4. You Cannot Accept Feedback Or Criticism
Feedback is a direct acknowledgement that we could have done better, and there is room for improvement. For the clever crew, 'room for improvement' is unacceptable - we are supposed to be clever, and that's the end of it. I know that for me, criticism about my work feels like a direct attack on my sense of self and my identity. Above all, I have categorised myself as someone who doesn't need to improve - I am supposed to have it all up in the old noggin already! Which brings me to my last point:
5. Your Identity Is Tied To Your Achievements
Our lives consist of stories and 'truths' we tell ourselves over the years. We like strawberries. We are female. The list goes on - and these 'truths' form and become the structure for how we see and identify with ourselves.

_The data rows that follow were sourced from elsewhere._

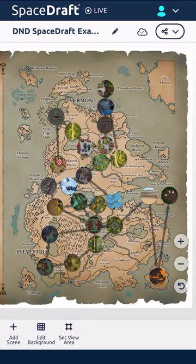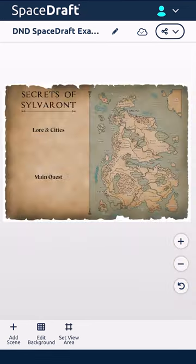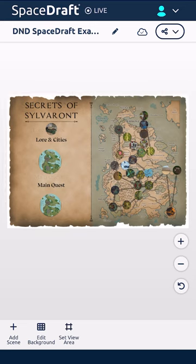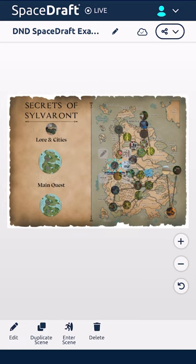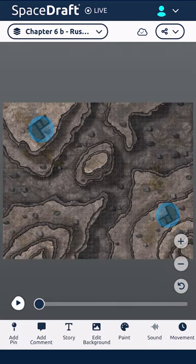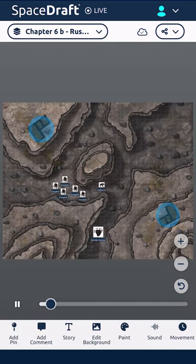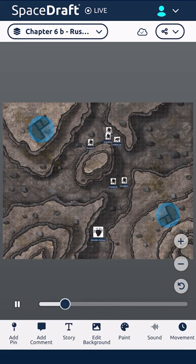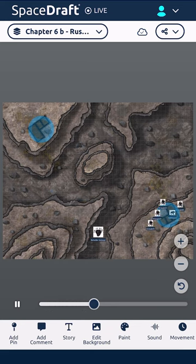Spacedraft is the perfect tool for world building. Upload an image of your world and create different scenes that showcase the different towns and cities. Then click on the individual areas within your big picture view and you can see what's going on in each of the areas of the world that you've created.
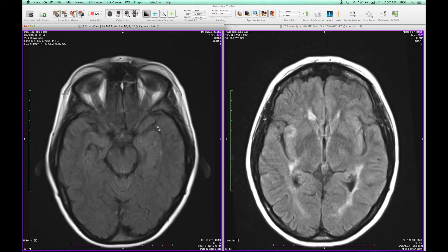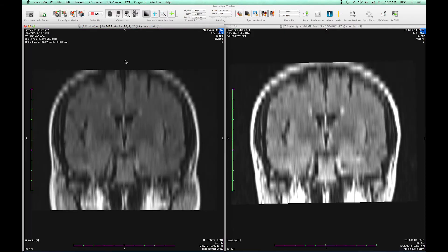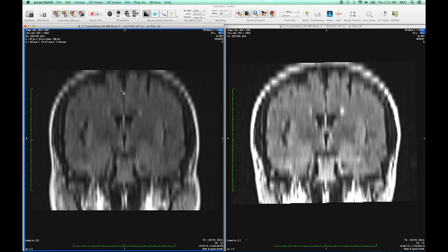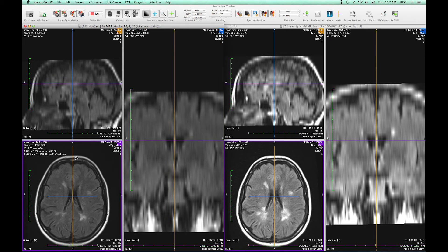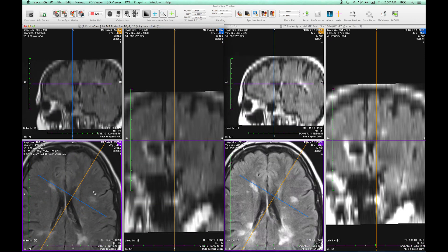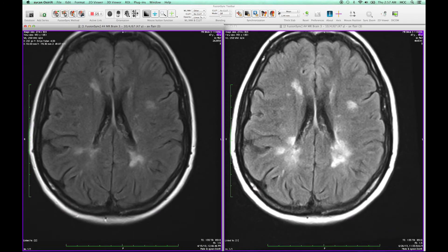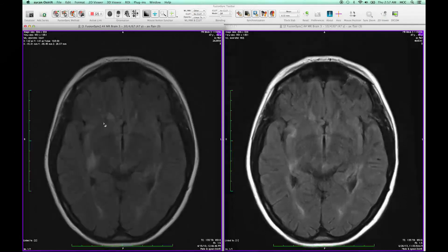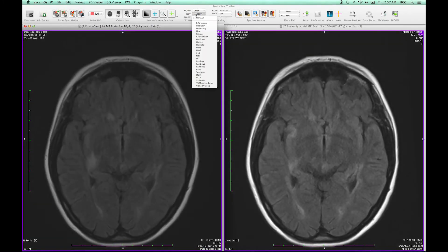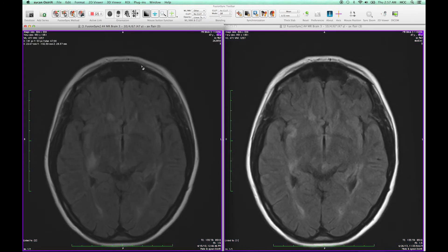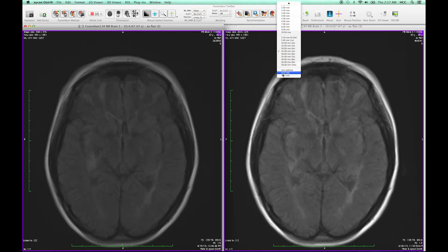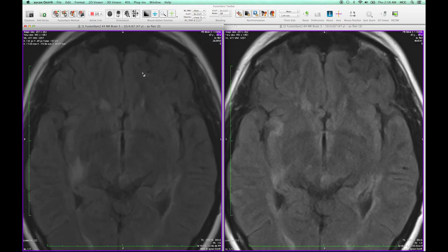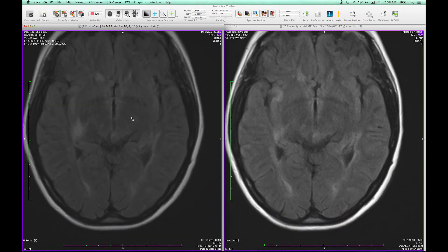You can then freely navigate within the viewers and each interaction is propagated to the linked data in the other windows accordingly. This is done in 3D as you can see. This will incorporate the spatial position and orientation, but also the viewing settings like the window level width, the color lookup table, the rendering properties, and the orientation like zoom, spatial position, movement and so on.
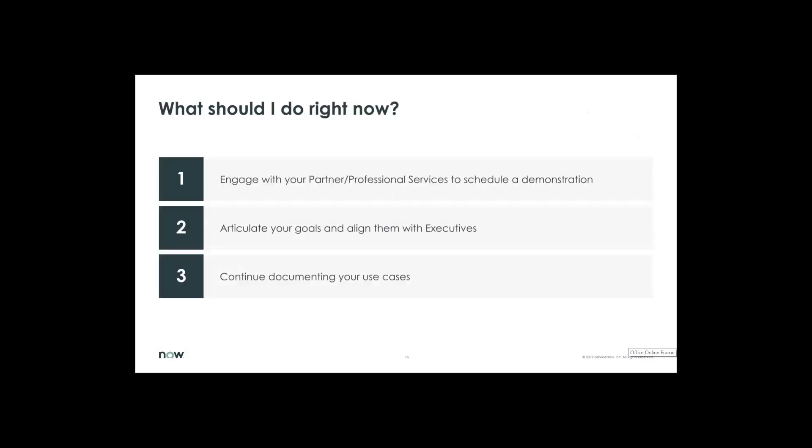So what should I be doing right now? Definitely engage with your partner, your certified partner or professional services team to schedule that demo. Make sure you know what your goals are, your end goals and your value you're going to get out of ServiceNow and make sure you align with what executives are looking for from their point of view. And continue documenting your use cases.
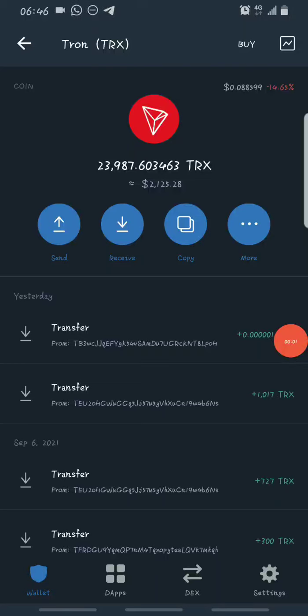Hello guys, this is Crypto Airdropper, welcome back to my YouTube channel. In today's video I'll be showing you guys how you can earn free Tron from mining on a website called Tron Cloud Mining.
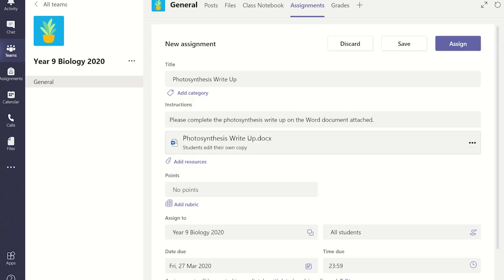After filling in the details in the assignment such as the title and attaching the document, click on the add rubric link.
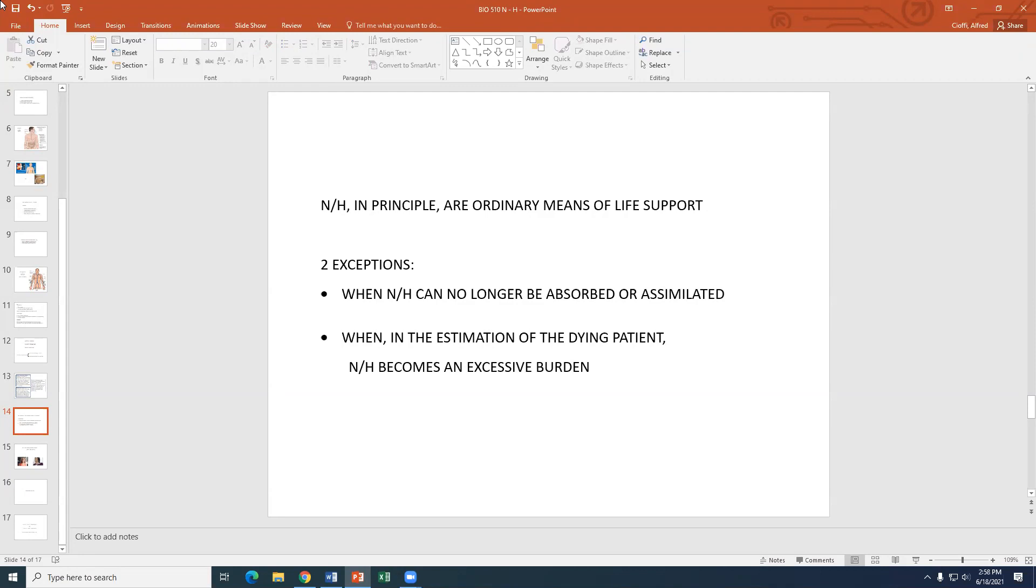Then 57 is going to be the converse. In other words, a person may forego extraordinary or disproportionate means of preserving life, and what are disproportionate in the patient's judgment. They're disproportionate if they do not offer reasonable hope of benefit or entail excessive burden. So they're pretty straightforward. And then 58 is referring specifically to nutrition and hydration, meaning that in principle, nutrition and hydration are considered ordinary means of life support, even if they have to be medically assisted. So that's what it means here.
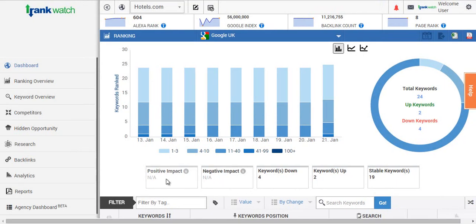The positive impact keywords are the ones that have entered page 1 in the search engines, and the negative ones are the ones that have left page 1.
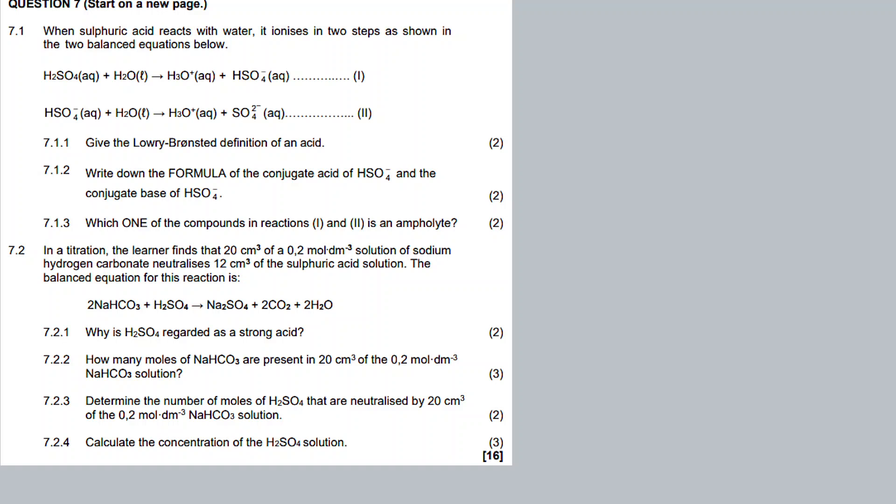Before I open up a question, let me say this. Question 7 is about acids and bases — a topic in Grade 11. In Grade 12 it also appears. Whatever we find in Grade 11, the Arrhenius model and the Lowry-Brønsted model, still appears in Grade 12.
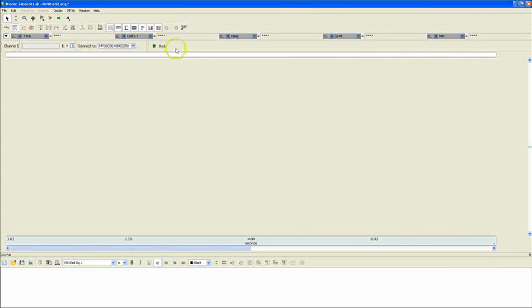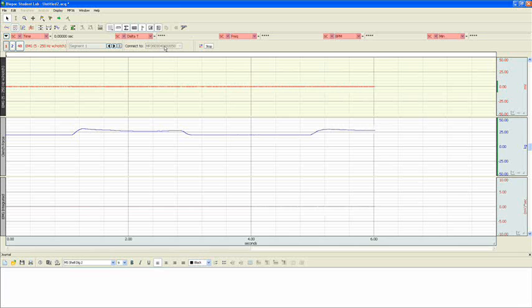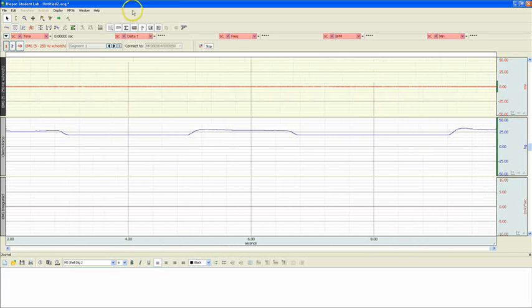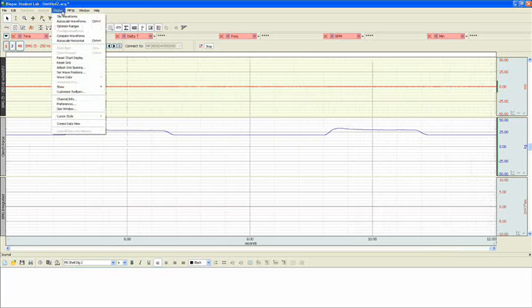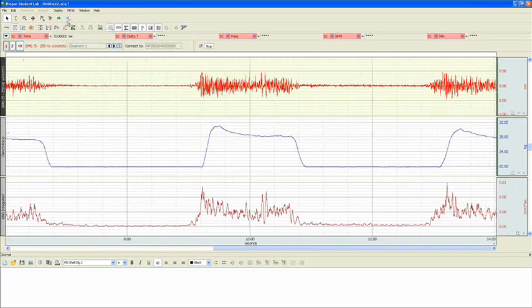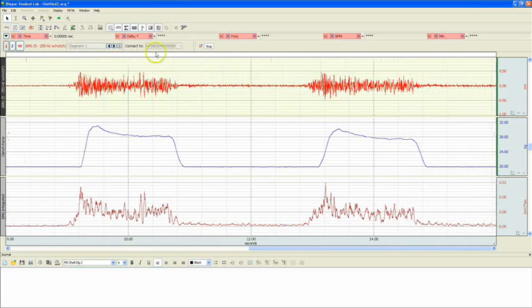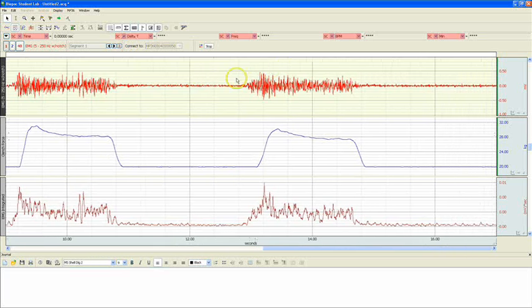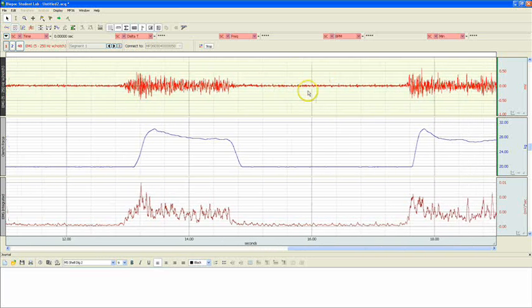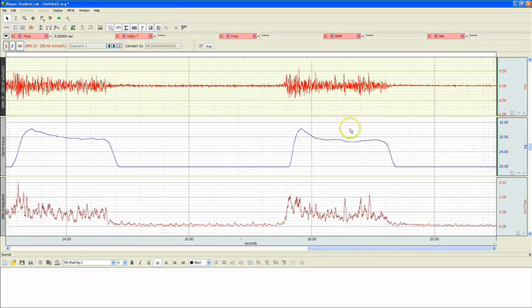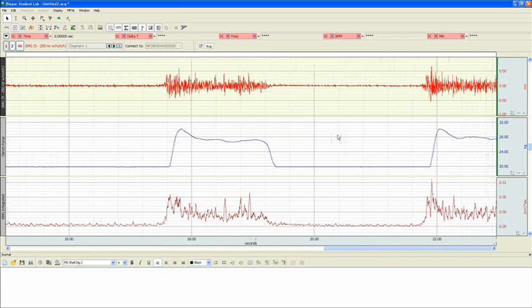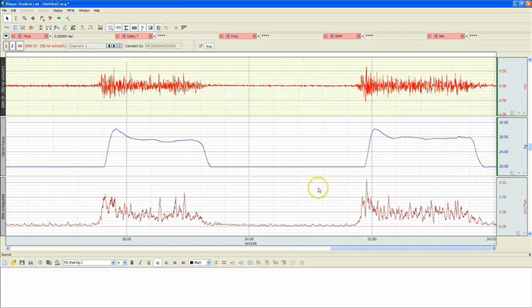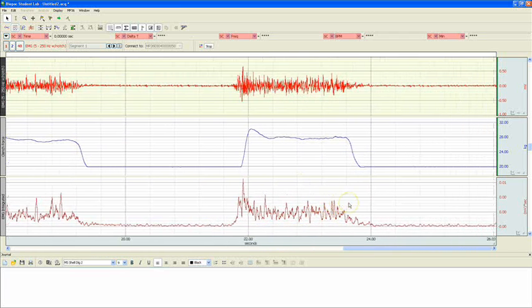I'm going to click on Start and record a few clenches. Now you can see the data being recorded, but you'll see that it is not scaled optimally for our window. To fix this, we can go up to the Display menu, and click on Autoscale Waveforms. Now, you'll see our raw EMG on the first channel, our clench force on the second channel, and the integrated EMG on the third channel.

So if you were told you were clever at school, this will have formed a large part of your identity in later life. So when this 'truth' is threatened by a setback or bad grade, we think 'well if I'm not clever, what am I?'
This paints a bit of a sorry picture, and I feel that those with a fixed mindset are often touted in research and the media as 'less than'. This can cause a lot of shame with us Fixed Mindsetters, so I want to dispel that myth right away - if you resonate with these traits, this doesn't mean you are not capable of success and ambition, and it doesn't mean that you are 'worse' than our Growth Mindset cousins. Just as intelligence is not 'fixed', our mindset is not static either, and the vast majority of us move between these two mindsets through our lives.
However, if you find that these traits are causing you unhappiness and is something you'd like to work on, there are a few things you can try:
1. Notice your discomfort around challenge and hard work, and commit yourself slowly to sticking with the discomfort when it arises. For me, I am learning to play the piano, and I am committing myself to practicing reading sheet music for 15 minutes a day. No-one expects you to just 'handle' the discomfort straight away for an extended period of time. Start small, something easy, and work up from there.
2. Try to hand in something that you know has a mistake in it. Whether that be a report to your boss, an essay, or a bloog post, handing things in that are less than perfect is crucial to overcoming a fixed mindset. Nothing is ever perfect, and embracing this fact of life is key.
3. Set goals that are focused on hard work, rather than an end goal. When working at the London School of Economics, I encouraged first-year Law students to set process-driven goals during exam season, rather than an end goal of 'get a first'. Setting goals like 'make 3 pages of notes on a chapter' or 're-read my learnings every morning', are tangible goals that focus on the process of learning and growing. This is so helpful for cultivating a Growth Mindset, which emphasises hard work and challenging oneself as the key indicator of success and achievement. Ultimately, if we work hard at something and put maximum effort in, this is much more important than an arbitrary grade at the end of the year.
Do you feel you resonate with a Fixed Mindset? Would love to hear your experiences!